- _What is required_: Find "Kanchi Mix Silk Saree" in the listing below, then set down only that line and each later line, unchanged, leaving out pictures.

- _Data for this exercise_:

▶

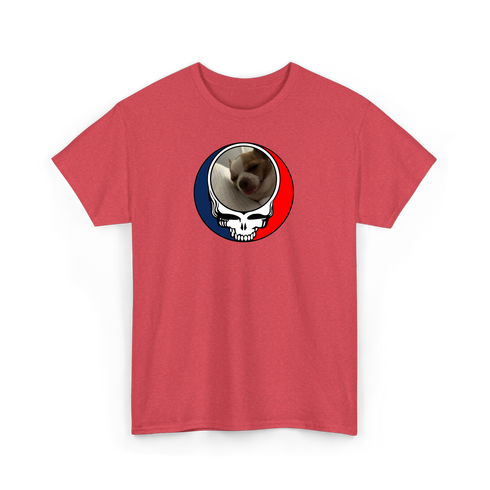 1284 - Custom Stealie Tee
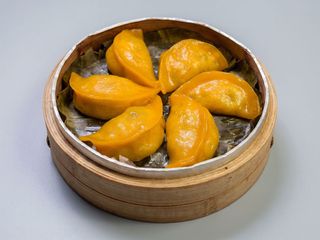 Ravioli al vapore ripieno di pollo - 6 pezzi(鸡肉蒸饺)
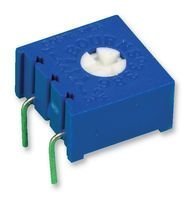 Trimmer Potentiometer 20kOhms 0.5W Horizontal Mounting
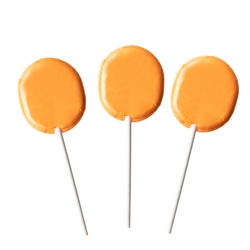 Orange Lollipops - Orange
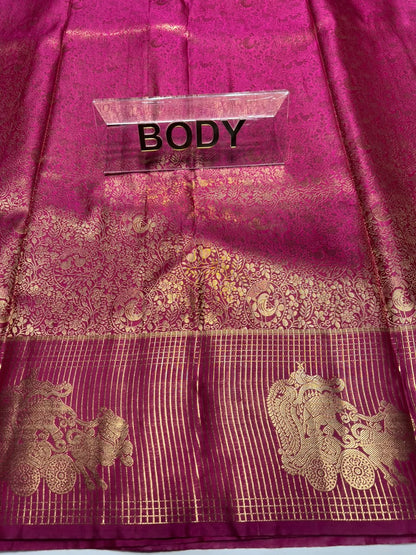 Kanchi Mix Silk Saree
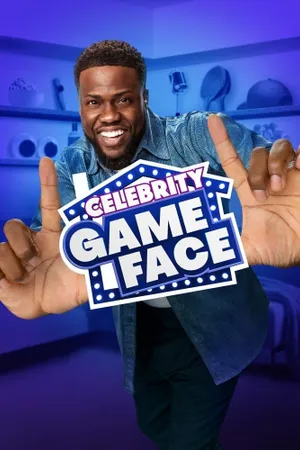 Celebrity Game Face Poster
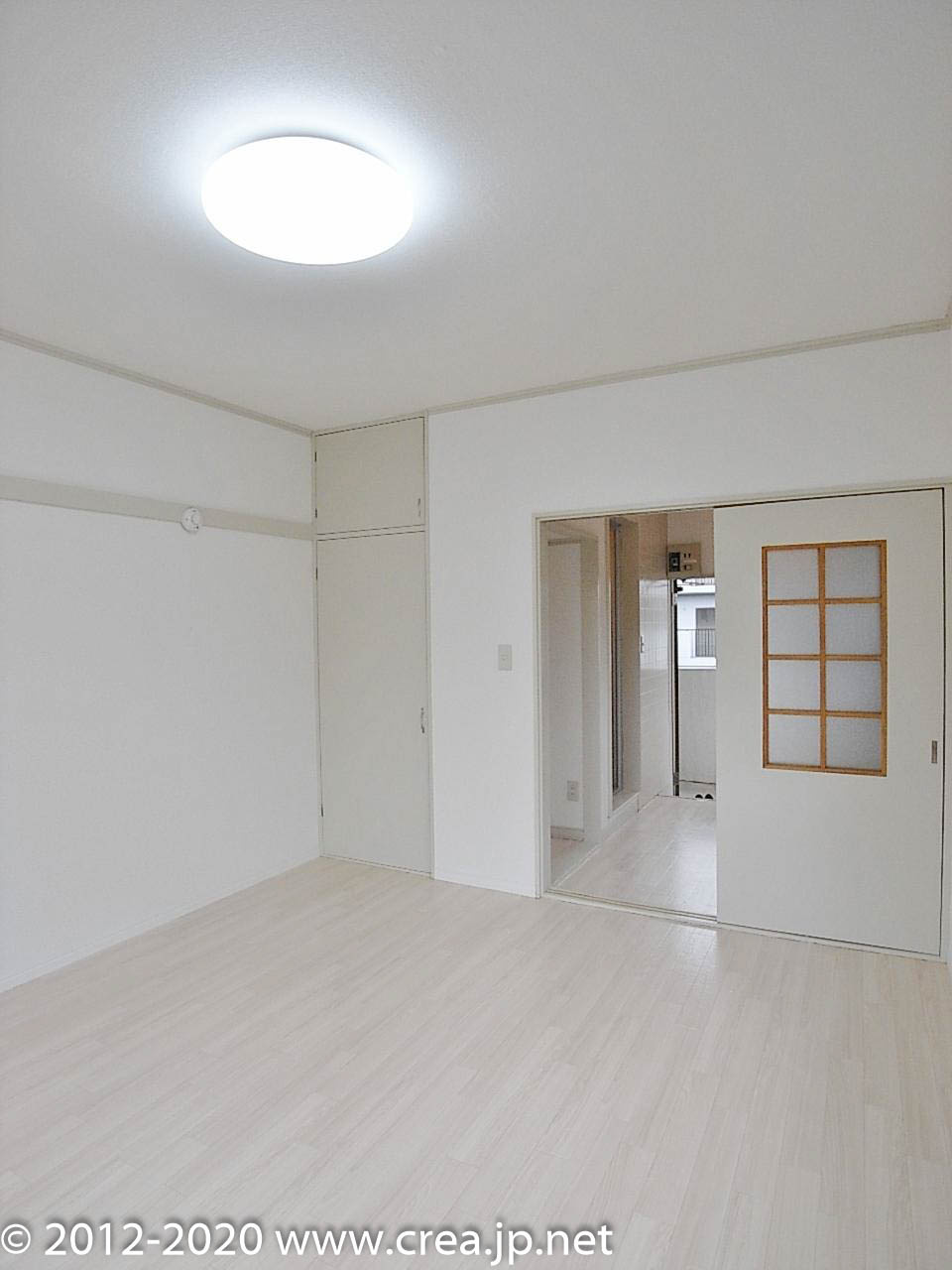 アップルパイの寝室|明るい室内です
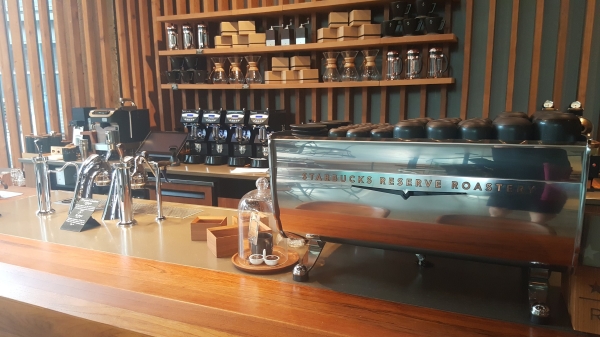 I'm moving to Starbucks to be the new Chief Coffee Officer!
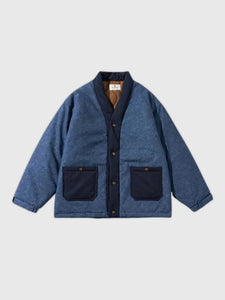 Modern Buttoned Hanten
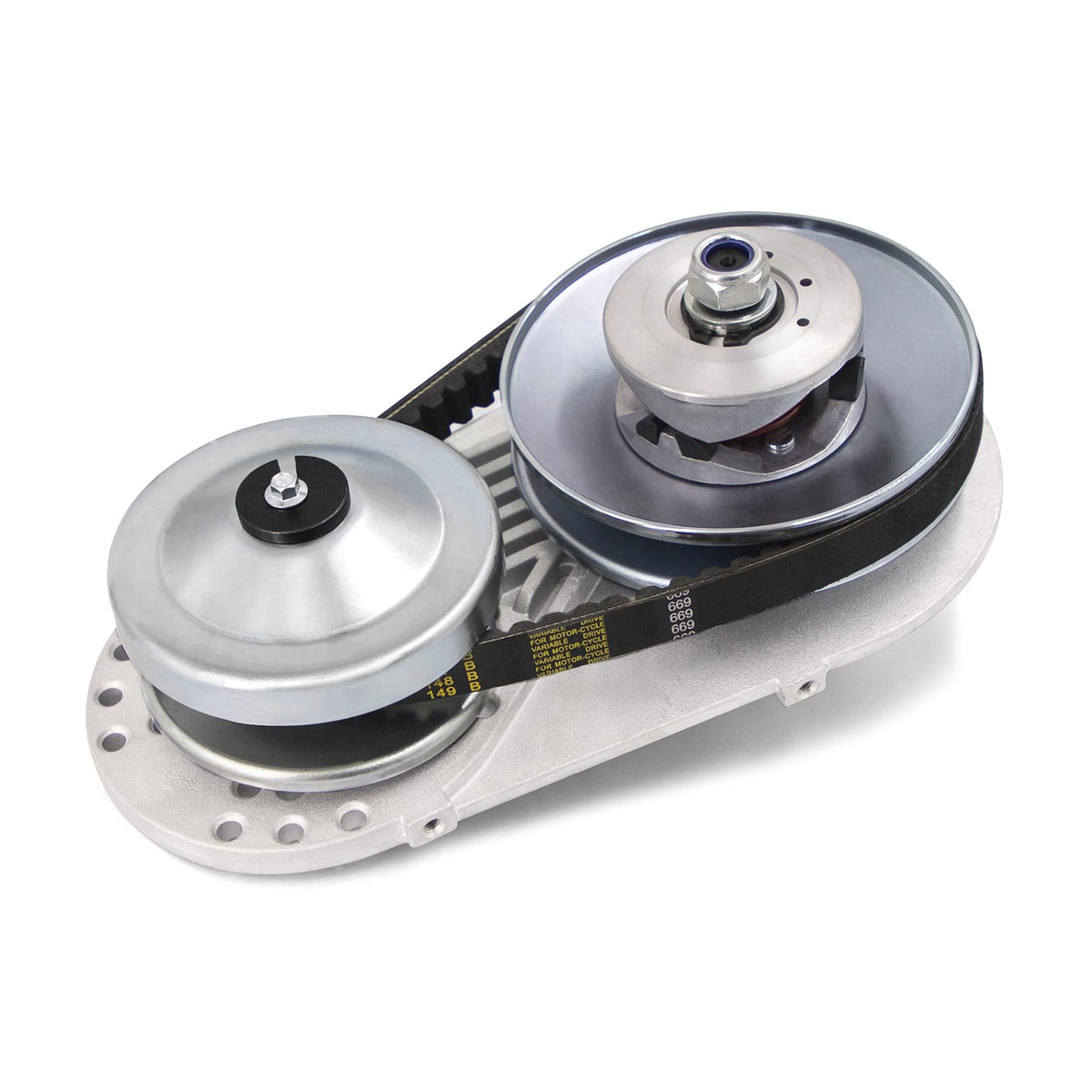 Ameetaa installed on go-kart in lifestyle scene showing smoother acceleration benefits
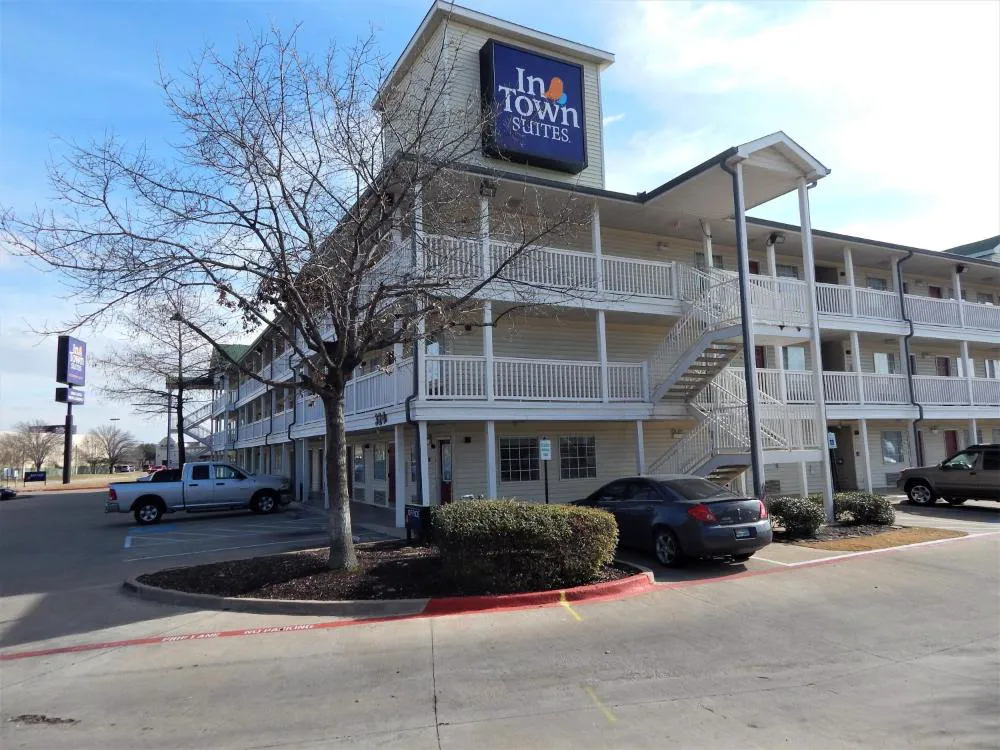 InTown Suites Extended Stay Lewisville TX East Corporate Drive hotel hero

◀

- _Reply_:
 Kanchi Mix Silk Saree
 Celebrity Game Face Poster
 アップルパイの寝室|明るい室内です
 I'm moving to Starbucks to be the new Chief Coffee Officer!
 Modern Buttoned Hanten
 Ameetaa installed on go-kart in lifestyle scene showing smoother acceleration benefits
 InTown Suites Extended Stay Lewisville TX East Corporate Drive hotel hero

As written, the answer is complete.